Computational analysis of wastewater sequencing samples was performed using V-Pipe 3.029. We analyzed the data using the R v4.1.3 statistical programming language and the R package WWdPCR v0.1.014. The package was used to obtain maximum likelihood estimates (MLE) and confidence intervals of the logistic growth rate of the Omicron BA.1 variant in each region. Confidence intervals for the logistic growth parameter were computed assuming a quasibinomial (for the clinical and wastewater sequencing data) or quasimultinomial (for the dPCR data) model of the counts to account for overdispersion, but without allowing underdispersion (i.e., overdispersion factors <1 were not considered). Confidence bands for the fitted values were computed on the logit scale, with standard errors projected using the Delta method, and then back-transformed to the linear scale. The normality assumption is more likely to hold in this reparametrization, which optimizes the coverage of the intervals as well as ensures that they are constrained to the [0,1] range30.

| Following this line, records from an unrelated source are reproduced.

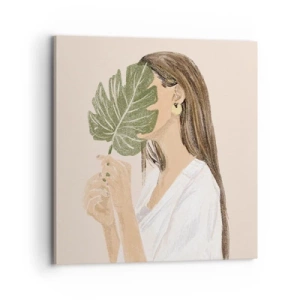 Cuadro sobre lienzo - Impresión de Imagen - Retrato misterioso con un abanico - 70x70 cm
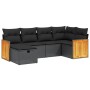 6-teiliges Gartensofa-Set und schwarze synthetische Rattankissen von , Gartensets - Ref: Foro24-3265731, Preis: 387,50 €, Rab...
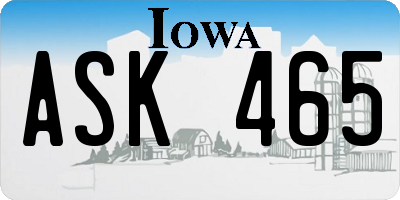 IA license plate ASK465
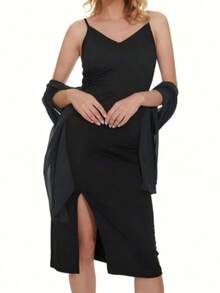 Khăn choàng voan chiffon cho cô dâu, dự tiệc cưới, dạ hội và các dịp đặc biệt. - màu đen - Xem 3
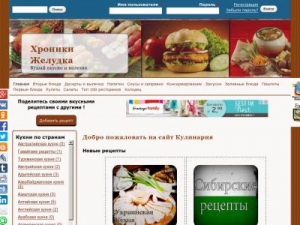 Скриншот главной страницы сайта kulinarija.polyakovco.com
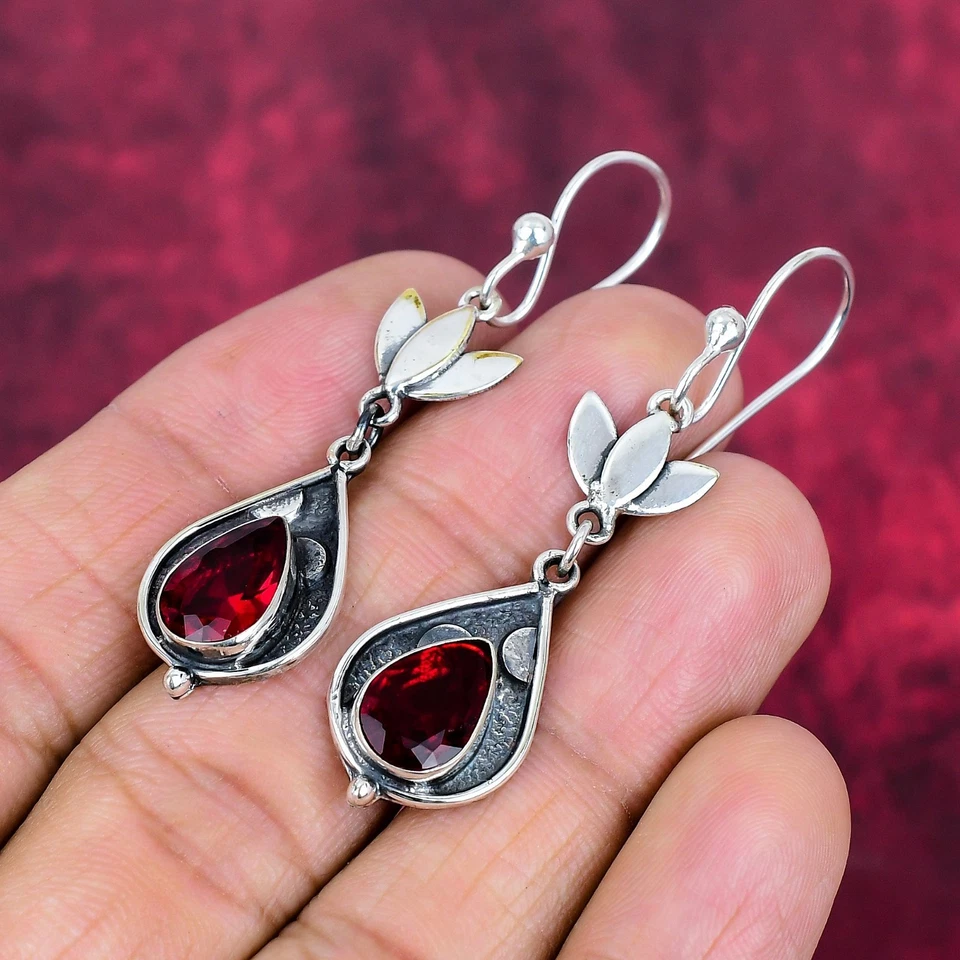 Garnet Gemstones Handmade 925 Sterling Silver Jewelry Earring For Thanksgiving - Image 2 of 4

The logistic growth model was fitted separately using the wastewater S:L452R dPCR data, the wastewater S:HV69-70 dPCR data, the wastewater sequencing data, and the clinical sequencing data. For Geneva, we fit the model also on the SGTF data. For the S:L452R dPCR, the dual fluorescence droplets are indicative of Delta, so we assumed that the single fluorescence droplets indicated Omicron BA.1. The growth advantage of BA.1 was calculated using S:L452R data assuming a negative logistic decay rate of the mutated fraction. For wastewater sequencing, we proceeded as previously described5, and we estimated the relative abundance of BA.1 using the observed fractions of reads bearing mutations characteristic of BA.1, while excluding mutations also present in B.1.617.2*. Amplicons suffering potential differential dropout rates or altered amplification due to mutations in the primer regions were discarded.

Inclusion & Ethics statement

All collaborators who contributed to this study and fulfilled the authorship criteria required by Nature Portfolio journals have been included as authors.

Reporting summary

Further information on research design is available in the Nature Portfolio Reporting Summary linked to this article.